» Data:
* * * * * * *
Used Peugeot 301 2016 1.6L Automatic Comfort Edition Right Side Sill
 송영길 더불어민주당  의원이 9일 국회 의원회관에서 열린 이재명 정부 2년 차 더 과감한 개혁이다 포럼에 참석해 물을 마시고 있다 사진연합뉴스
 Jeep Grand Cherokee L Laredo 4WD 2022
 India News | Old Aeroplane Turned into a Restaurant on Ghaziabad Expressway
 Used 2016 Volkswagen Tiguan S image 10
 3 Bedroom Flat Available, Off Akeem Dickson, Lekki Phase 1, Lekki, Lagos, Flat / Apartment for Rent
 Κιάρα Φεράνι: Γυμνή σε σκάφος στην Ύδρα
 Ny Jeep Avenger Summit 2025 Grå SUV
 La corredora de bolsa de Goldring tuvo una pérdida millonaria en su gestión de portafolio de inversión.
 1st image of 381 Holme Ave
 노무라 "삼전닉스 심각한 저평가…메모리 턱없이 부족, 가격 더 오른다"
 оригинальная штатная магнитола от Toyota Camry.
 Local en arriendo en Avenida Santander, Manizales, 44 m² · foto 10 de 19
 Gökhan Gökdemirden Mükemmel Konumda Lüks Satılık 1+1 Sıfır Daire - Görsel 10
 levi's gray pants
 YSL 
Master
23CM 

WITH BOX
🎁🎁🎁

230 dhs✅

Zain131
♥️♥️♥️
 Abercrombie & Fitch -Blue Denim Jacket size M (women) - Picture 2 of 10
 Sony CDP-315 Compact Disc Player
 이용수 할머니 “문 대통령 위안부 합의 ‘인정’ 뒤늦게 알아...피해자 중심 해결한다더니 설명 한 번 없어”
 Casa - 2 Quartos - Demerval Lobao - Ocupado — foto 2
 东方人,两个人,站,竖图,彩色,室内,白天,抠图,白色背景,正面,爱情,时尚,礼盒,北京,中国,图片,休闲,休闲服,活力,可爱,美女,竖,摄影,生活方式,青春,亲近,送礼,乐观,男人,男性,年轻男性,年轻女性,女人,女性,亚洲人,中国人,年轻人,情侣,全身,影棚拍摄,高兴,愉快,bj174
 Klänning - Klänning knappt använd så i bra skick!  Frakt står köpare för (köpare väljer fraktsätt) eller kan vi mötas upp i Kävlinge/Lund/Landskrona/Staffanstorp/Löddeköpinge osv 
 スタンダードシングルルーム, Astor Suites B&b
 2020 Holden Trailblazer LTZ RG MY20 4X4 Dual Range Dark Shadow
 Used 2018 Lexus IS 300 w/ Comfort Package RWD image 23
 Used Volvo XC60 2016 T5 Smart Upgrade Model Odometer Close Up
* * * * * * *
» Exercise objective:
I need each line from the listing where the word "Used" occurs.

» Exercise output:
Used Peugeot 301 2016 1.6L Automatic Comfort Edition Right Side Sill
 Used 2016 Volkswagen Tiguan S image 10
 Used 2018 Lexus IS 300 w/ Comfort Package RWD image 23
 Used Volvo XC60 2016 T5 Smart Upgrade Model Odometer Close Up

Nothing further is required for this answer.